Employee Newsletter   |  January 2022

A Year of Growth

21 Things the Missouri Department of Corrections Did in 2021

21 Things the Missouri Department of Corrections Did in 2021

Armed with lessons learned from 2020 and renewed commitment to our mission, in the year 2021, the Missouri Department of Corrections set about making our facilities and our communities better places to live and work.

For corrections staff, 2021 brought big pay raises; better onboarding; safer workplaces; enhanced training and development; expanded wellness and trauma resources; and greater recognition for the heroic work corrections staff perform every day.

Inside and outside our institutions, we took a more holistic approach to behavioral health, while expanding programs to reach more people. To help build the state's workforce, we rolled out new vocational and academic education programs, leading to degrees, certifications and job offers. With the help of the volunteers, we welcomed back to our facilities in 2021, we also facilitated community service through Restorative Justice and other programs, helping kids and families throughout the state.
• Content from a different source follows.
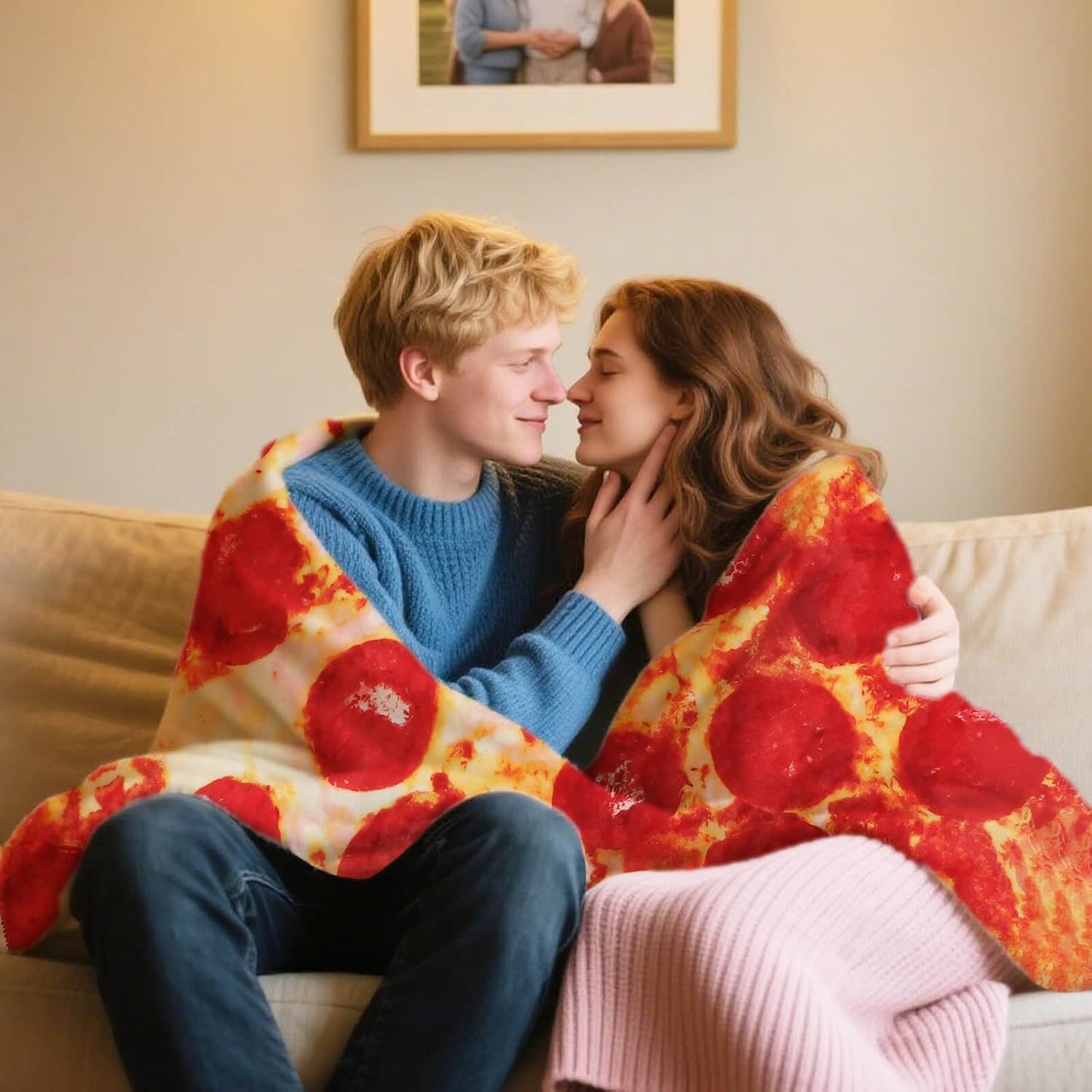 85in Pepperoni Pizza Blanket White Elephant Gifts for Adults Useful Sausage Throw Blankets Woemn Men Party Cool Stuff Novelty Gag Soft Fleece Wrap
Take a look at just a few of the thousands of accomplishments our team made in 2021 »

Culinary Masterpiece

Algoa Culinary Arts Program Constructs Gingerbread Capitol


When gingerbread season rolled around in the Algoa Correctional Center Culinary Arts program, vocational teacher Mary Connell encouraged her students to challenge themselves. In addition to building traditional A-frame houses topped with cereal-tile roofs and inhabited by gummy bear families, the students took on the task of constructing a massive gingerbread replica of the Missouri State Capitol, in honor of the state's bicentennial.


Under Connnell's guidance, the team drew out their plans to scale and got to work on construction, along the way conquering obstacles such as the creation of curved gingerbread components for the Capitol dome. The resulting massive edible structure — 50 inches long, 25 inches wide and 36 inches tall — had to be moved in sections and re-assembled in its home on display in ACC's administrative building.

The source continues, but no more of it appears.